Mars 2020 Rover Powers Up for Launch Next Year

The Mars 2020 rover under construction. The Multi-Mission Radioisotope Thermoelectric Generator (MMRTG) will be inserted into the rear end of the rover between the panels with gold tubing, called heat exchangers. Photo Credit: NASA/JPL-Caltech

NASA’s new Mars 2020 rover is now only about a year away from the start of its mission, and another big step has been taken toward getting ready for launch: the go-ahead has been given to begin fueling the rover’s Multi-Mission Radioisotope Thermoelectric Generator (MMRTG).

The go-ahead was given by NASA’s Associate Administrator for the Science Mission Directorate, Thomas Zurbuchen.

“The progression of the Mars 2020 rover project is on schedule,” said Zurbuchen. “The decision to begin fueling the MMRTG is another important milestone in keeping to our timetable for a July 2020 launch.”

The MMRTG is one of the most essential parts of the rover, since it provides power and helps keep the rover warm. At the beginning of a mission, it is able to provide 110 watts of electrical power to a spacecraft and its science instruments. In cold environments like Mars, the excess heat can help to keep a rover or lander nice and warm inside, as well.

MMRTGs are basically nuclear batteries, converting heat from the natural decay of radioisotope materials into electricity.

Such systems have been used in 27 previous NASA missions, including the two Viking landers on Mars, the two Voyager spacecraft, the Curiosity rover on Mars and the New Horizons spacecraft that flew past Pluto and deeper into the Kuiper Belt.

An engineer works on the underbelly of the Mars 2020 rover in the Spacecraft Assembly Facility’s High Bay 1 at NASA’s Jet Propulsion Laboratory in Pasadena, California. Photo Credit: NASA/JPL-Caltech

There are two major elements to the MMRTG generators: a heat source that contains plutonium-238 (Pu-238) and thermocouples that convert the plutonium’s decay heat energy to electricity.
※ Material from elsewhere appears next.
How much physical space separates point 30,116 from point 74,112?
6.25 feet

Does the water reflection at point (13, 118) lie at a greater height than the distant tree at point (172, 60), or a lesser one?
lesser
The timing is essential, too, as the loading the heat source into the MMRTG, is timed to coincide with a mission’s launch date.

Apart from the power supply, engineers continue to make progress on the construction of the rest of the spacecraft as well.

“We are advancing on all fronts – including completion of the cruise stage that will guide us to Mars and the sky crane descent landing system that will gently lower us to the surface,” said Project Manager John McNamee of NASA’s Jet Propulsion Laboratory. “And the rover is not only looking more and more like a rover each day, it’s acting like one.”

The interior of the rover has now been completed, with only the Adaptive Caching Assembly remaining to be installed, which has seven motors and over 3,000 parts altogether.

Some of the major components of the Mars 2020 rover. Image Credit: NASA/JPL-Caltech

Work on the exterior of the rover continues as well, with the addition of the remote sensing mast, the mobility suspension system, the main robotic arm and the high-gain antenna. Also, the external components of the Mastcam-Z and SuperCam science instruments have been installed on the remote sensing mast, and the PIXL and SHERLOC instruments’ turret assemblies have been added onto the end of the robotic arm.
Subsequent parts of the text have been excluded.